> _Assignment_
A verbatim copy of the listing is needed; pictures are to be left out.

> _Source material_

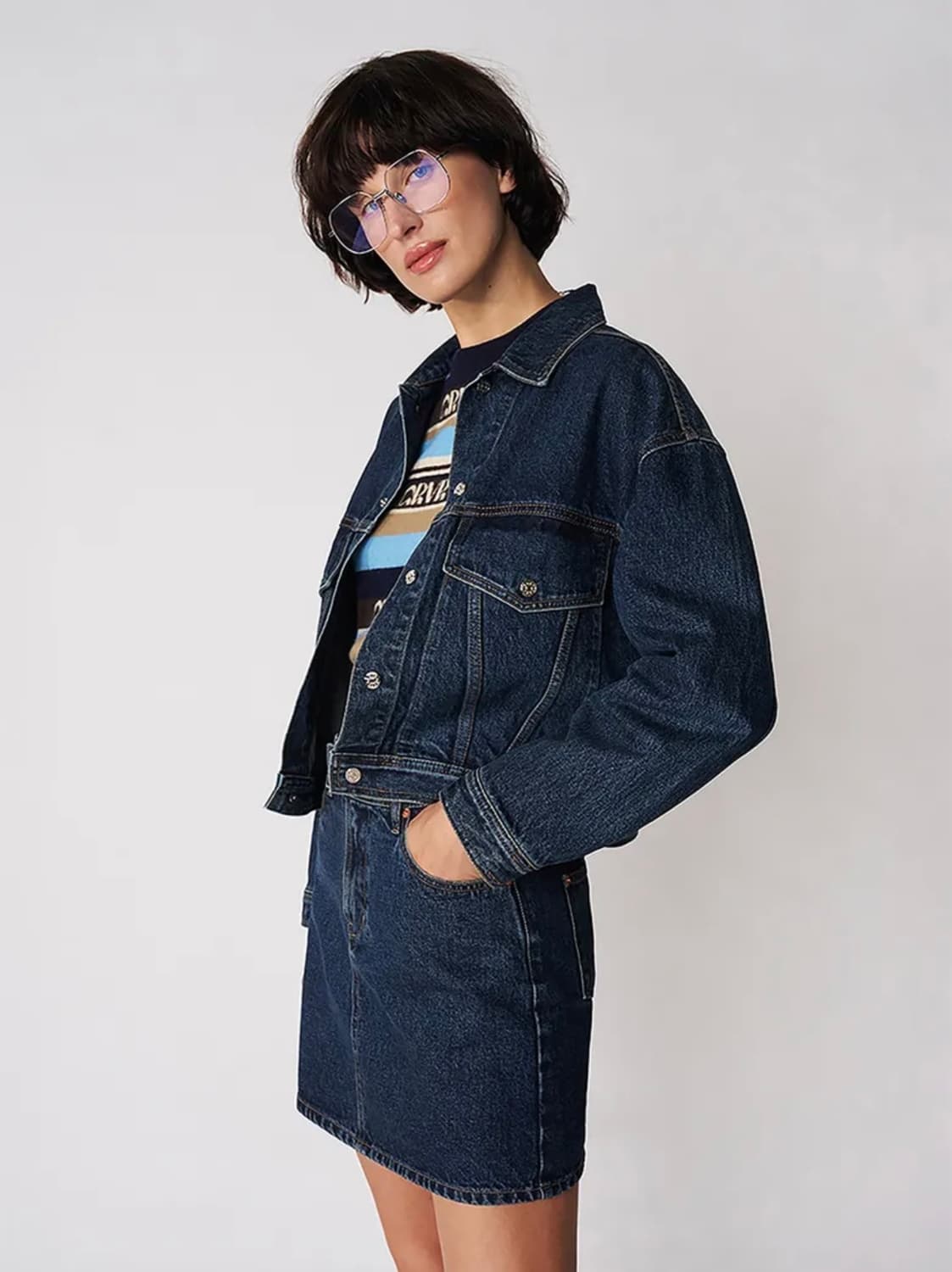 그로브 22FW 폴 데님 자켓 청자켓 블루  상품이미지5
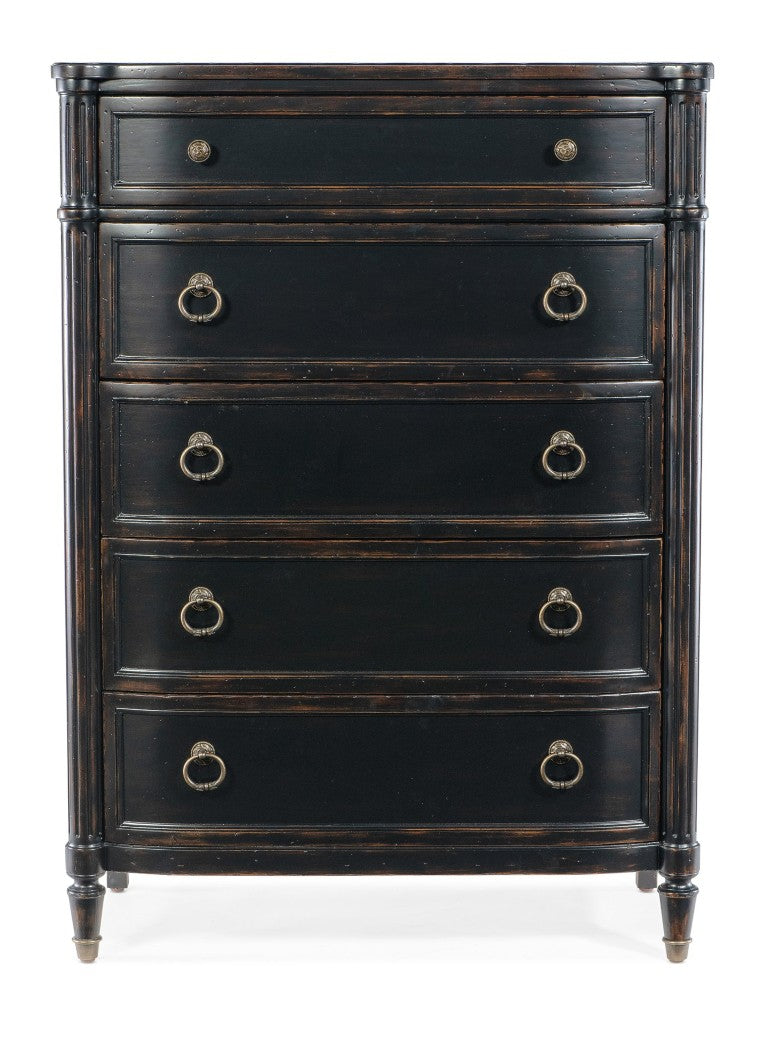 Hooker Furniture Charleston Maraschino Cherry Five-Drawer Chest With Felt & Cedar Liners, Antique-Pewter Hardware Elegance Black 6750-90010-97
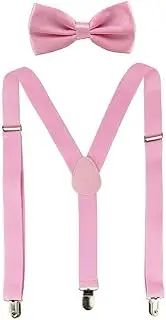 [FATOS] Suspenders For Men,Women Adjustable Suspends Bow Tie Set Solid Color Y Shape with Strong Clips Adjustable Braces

> _Result of the exercise_
 그로브 22FW 폴 데님 자켓 청자켓 블루  상품이미지5
 Hooker Furniture Charleston Maraschino Cherry Five-Drawer Chest With Felt & Cedar Liners, Antique-Pewter Hardware Elegance Black 6750-90010-97
 [FATOS] Suspenders For Men,Women Adjustable Suspends Bow Tie Set Solid Color Y Shape with Strong Clips Adjustable Braces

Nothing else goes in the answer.